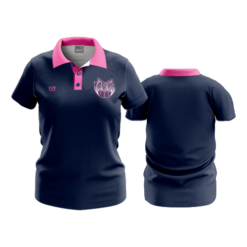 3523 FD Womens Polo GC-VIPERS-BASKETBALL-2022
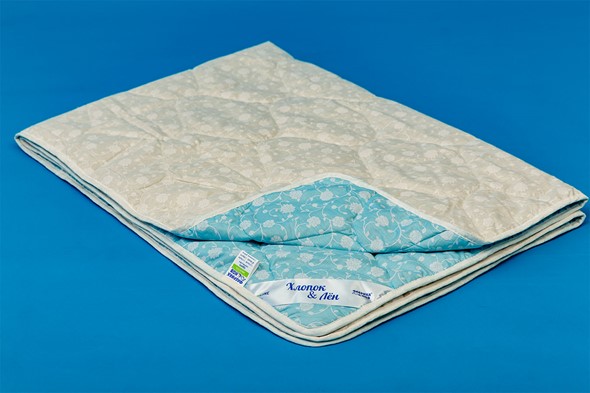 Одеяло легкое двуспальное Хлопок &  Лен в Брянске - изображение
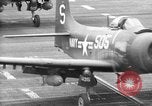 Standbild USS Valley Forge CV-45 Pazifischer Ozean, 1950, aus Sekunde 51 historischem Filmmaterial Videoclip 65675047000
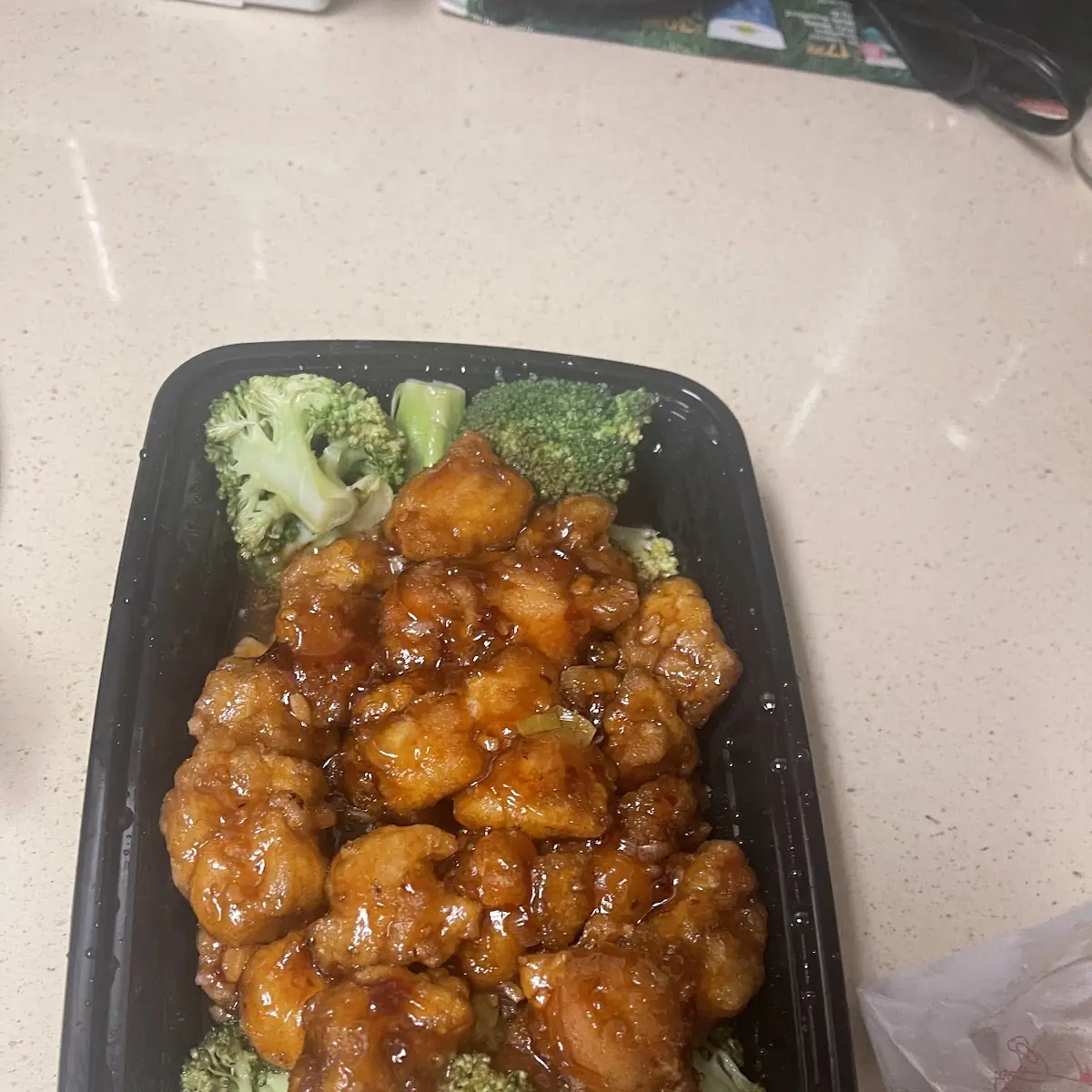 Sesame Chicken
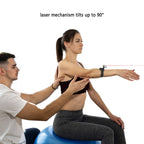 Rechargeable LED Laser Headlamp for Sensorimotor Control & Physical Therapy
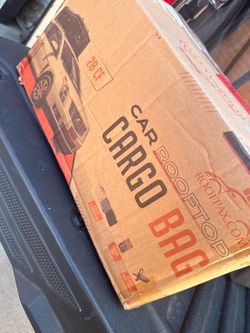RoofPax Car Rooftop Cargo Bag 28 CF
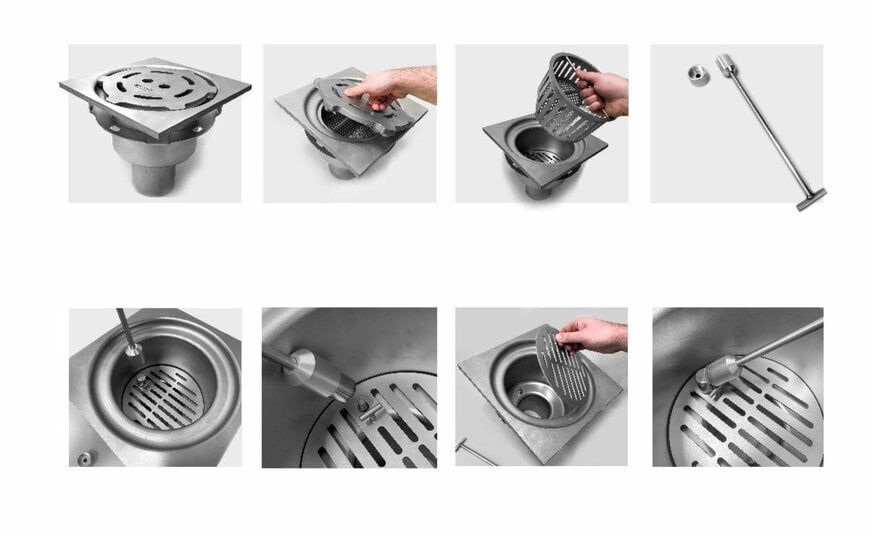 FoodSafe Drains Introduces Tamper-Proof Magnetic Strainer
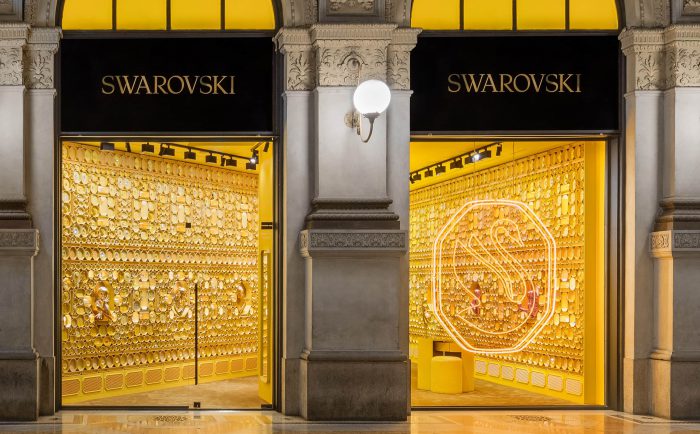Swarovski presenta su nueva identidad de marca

* * *

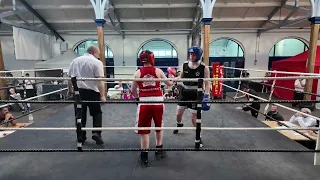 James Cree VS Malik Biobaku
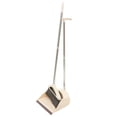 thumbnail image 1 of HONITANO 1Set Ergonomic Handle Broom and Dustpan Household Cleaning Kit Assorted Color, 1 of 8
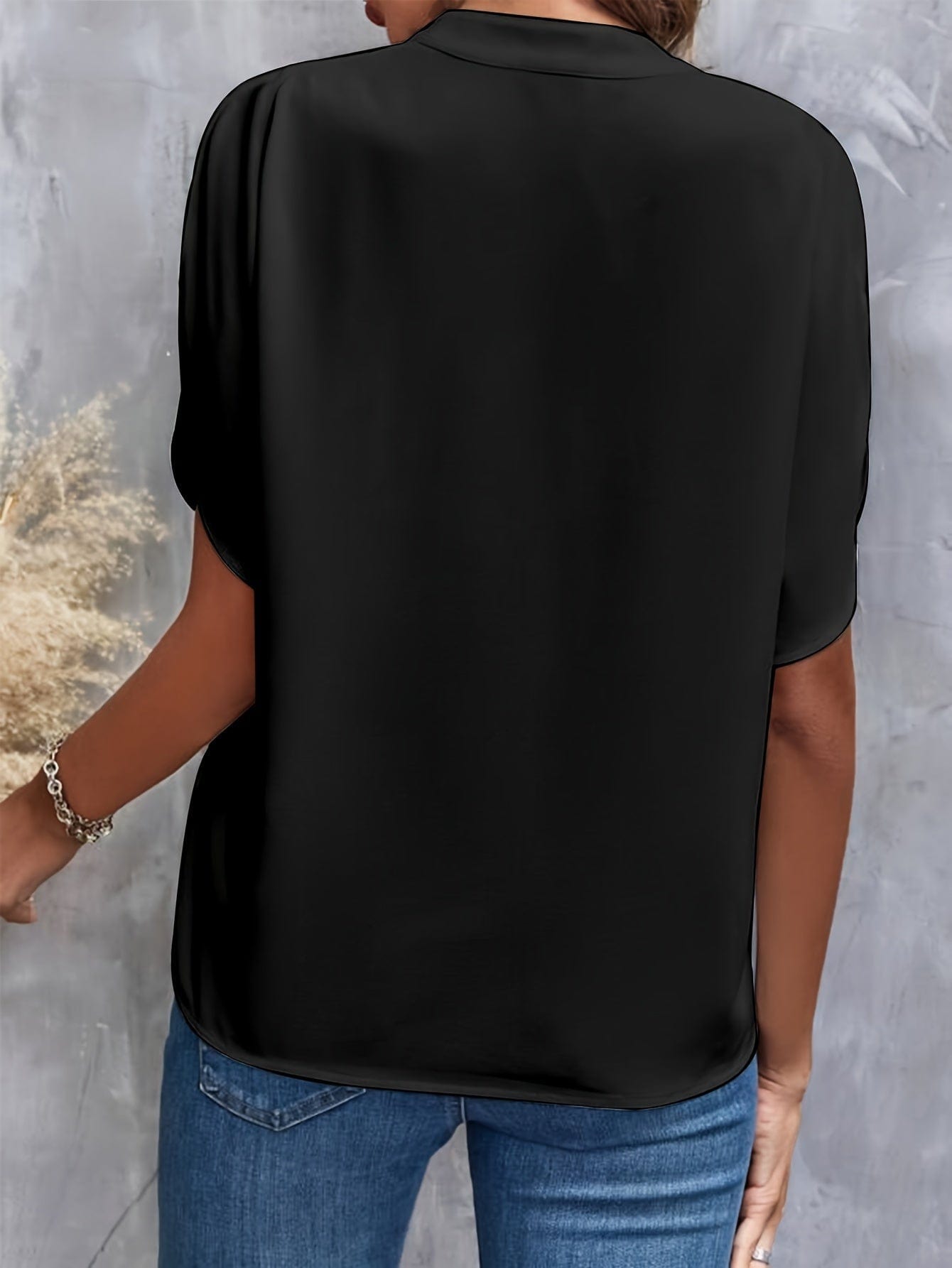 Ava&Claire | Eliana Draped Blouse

--

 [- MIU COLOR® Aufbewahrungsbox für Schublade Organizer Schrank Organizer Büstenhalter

| Description of the task |
What to print is the stretch of entries from the line with "James Cree VS Malik Biobaku" up to and including the line with "Ava&Claire | Eliana Draped Blouse". Please print it exactly and leave out the pictures.

| Worked solution |
 James Cree VS Malik Biobaku
 thumbnail image 1 of HONITANO 1Set Ergonomic Handle Broom and Dustpan Household Cleaning Kit Assorted Color, 1 of 8
 Ava&Claire | Eliana Draped Blouse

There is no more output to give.